Koopertationsvereinbarung unterzeichnet
In der Düsseldorfer Staatskanzlei wurde jetzt eine Kooperationsvereinbarung zur Erstellung der Studie unterzeichnet. Das geplante Projekt sei einzigartig in Deutschland, sagte Politik-Professor Lars Rensmann von der Universität Passau. Ziel sei es, auch die „modernisierten Formen“ des Antisemitismus zu erfassen. Dazu würden Holocaust-Relativierungen, Verschwörungstheorien bei Corona-Protesten sowie der „israelbezogener Antisemitismus“ gehören. Der empirische Fokus sei das Land NRW, aber die Befunde würden „ohne Zweifel auch weit über das Land hinaus“ Bedeutung haben, so Rensmann.
Die Wissenschaftler wollen noch in diesem Jahr mit der Durchführung der Studie beginnen. Geplant ist, dass die Bewohner in rund 1200 Haushalten aufgesucht und anhand eines umfassenden Fragebogens zu ihren Einstellungen befragt werden.
Durch spezielle Fragetechniken soll die „wahre Meinung“ aus den Befragten „herausgekitzelt“, werden, sagte Soziologie-Professor Heiko Beyer von der Heinrich-Heine-Universität Düsseldorf. Bislang würden Umfragen zum Thema Antisemitismus oft dadurch verzerrt, dass höher Gebildete keine ehrlichen Antworten bei Tabu-Themen geben würden. „Sie sagen das, was als sozial erwünscht erscheint,“ so Beyer.
Laut Innenminister Reul wurden allein im ersten Halbjahr in NRW 146 antisemitisch motivierte Delikte registriert. „Das ist etwa eine Straftat pro Tag“, sagt der CDU-Politiker. Dies sei nicht akzeptabel. „Jüdisches Leben muss in Deutschland eine Selbstverständlichkeit sein, und zwar ohne Angst oder Sorge vor gewalttätigen Angriffen“, so Reul. Je mehr man über die Entstehung von Antisemitismus wissen, desto effektiver könne man entgegenwirken.
Krisen befördern Antisemitismus
Sabine Leutheusser-Schnarrenberger, Antisemitismusbeauftragte des Landes Nordrhein-Westfalen, erklärte, antisemitische Verschwörungsmythen würden gerade in Krisenzeiten auf fruchtbaren Boden fallen. Statistisch erfasst würden aber nur Straftaten und Vorfälle mit antisemitischem Hintergrund.
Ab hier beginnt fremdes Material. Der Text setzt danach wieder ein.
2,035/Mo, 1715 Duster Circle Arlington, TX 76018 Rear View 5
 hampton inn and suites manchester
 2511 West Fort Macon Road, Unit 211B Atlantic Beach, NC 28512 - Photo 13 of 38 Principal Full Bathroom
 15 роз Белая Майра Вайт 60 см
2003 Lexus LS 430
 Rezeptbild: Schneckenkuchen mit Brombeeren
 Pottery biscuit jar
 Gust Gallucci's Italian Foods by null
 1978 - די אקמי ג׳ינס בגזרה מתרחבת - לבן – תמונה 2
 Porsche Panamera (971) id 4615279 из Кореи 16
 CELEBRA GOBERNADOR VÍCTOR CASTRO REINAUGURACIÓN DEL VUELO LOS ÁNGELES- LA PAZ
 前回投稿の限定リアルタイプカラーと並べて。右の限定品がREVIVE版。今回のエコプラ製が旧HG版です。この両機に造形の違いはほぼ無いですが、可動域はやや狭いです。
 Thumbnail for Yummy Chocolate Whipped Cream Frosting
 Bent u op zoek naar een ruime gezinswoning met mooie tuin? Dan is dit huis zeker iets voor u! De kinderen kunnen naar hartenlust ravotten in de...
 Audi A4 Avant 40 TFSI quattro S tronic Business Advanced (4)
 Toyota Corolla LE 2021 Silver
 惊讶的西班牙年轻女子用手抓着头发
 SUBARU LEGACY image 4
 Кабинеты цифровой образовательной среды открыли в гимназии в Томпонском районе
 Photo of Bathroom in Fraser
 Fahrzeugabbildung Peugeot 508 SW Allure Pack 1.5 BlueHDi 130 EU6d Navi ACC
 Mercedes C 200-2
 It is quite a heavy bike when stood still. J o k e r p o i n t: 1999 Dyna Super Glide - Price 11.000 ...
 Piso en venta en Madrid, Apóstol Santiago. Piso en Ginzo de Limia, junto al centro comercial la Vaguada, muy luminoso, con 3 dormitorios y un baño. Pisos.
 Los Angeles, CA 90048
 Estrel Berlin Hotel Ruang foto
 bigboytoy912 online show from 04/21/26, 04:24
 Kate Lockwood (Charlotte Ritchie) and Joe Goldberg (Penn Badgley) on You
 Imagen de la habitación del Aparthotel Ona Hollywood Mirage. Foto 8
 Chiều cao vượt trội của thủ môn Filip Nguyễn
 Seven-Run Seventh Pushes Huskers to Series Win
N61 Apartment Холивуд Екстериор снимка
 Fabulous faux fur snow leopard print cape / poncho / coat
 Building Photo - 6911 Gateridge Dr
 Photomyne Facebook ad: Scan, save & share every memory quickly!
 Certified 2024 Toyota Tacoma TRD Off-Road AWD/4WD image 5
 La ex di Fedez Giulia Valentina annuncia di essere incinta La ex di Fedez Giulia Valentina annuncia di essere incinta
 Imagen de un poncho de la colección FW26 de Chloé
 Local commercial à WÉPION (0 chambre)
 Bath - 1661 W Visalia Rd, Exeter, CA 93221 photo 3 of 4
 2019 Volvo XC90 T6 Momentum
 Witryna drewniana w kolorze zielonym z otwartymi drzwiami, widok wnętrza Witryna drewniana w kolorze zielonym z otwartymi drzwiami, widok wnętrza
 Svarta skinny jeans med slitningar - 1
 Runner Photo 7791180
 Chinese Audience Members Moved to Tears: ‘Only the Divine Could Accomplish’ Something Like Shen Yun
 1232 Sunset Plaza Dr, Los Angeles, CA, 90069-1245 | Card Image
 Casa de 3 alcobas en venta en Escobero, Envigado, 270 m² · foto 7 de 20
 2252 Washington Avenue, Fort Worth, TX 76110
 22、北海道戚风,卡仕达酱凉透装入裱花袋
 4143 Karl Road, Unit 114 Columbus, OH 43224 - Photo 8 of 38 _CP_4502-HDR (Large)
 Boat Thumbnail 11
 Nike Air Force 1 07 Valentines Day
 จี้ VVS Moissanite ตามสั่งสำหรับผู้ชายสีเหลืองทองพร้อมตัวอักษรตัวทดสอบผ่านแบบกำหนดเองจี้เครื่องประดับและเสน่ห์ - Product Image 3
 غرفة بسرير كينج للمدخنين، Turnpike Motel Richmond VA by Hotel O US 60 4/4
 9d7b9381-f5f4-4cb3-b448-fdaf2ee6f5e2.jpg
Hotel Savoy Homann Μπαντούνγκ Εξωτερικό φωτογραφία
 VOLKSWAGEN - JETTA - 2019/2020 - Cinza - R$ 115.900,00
Daraus könne man nur in einem gewissen Rahmen Rückschlüsse auf die tatsächliche Verbreitung von antisemitischen Vorurteilen und Ressentiments ziehen.
Auch in NRW gehörten antisemitische Sprüche vielerorts zum Alltag. Im Mai vergangenen Jahres gab es eine antisemitische Hass-Demo vor der Synagoge in Gelsenkirchen. Runde einhundert Menschen mit einem überwiegend arabischstämmigen Hintergrund hatten in Sprechchören „Scheiß-Juden" gebrüllt und palästinensische und türkische Fahnen geschwenkt. Erste Ergebnisse der Studie sollen zum Jahresbeginn 2024 vorgelegt werden.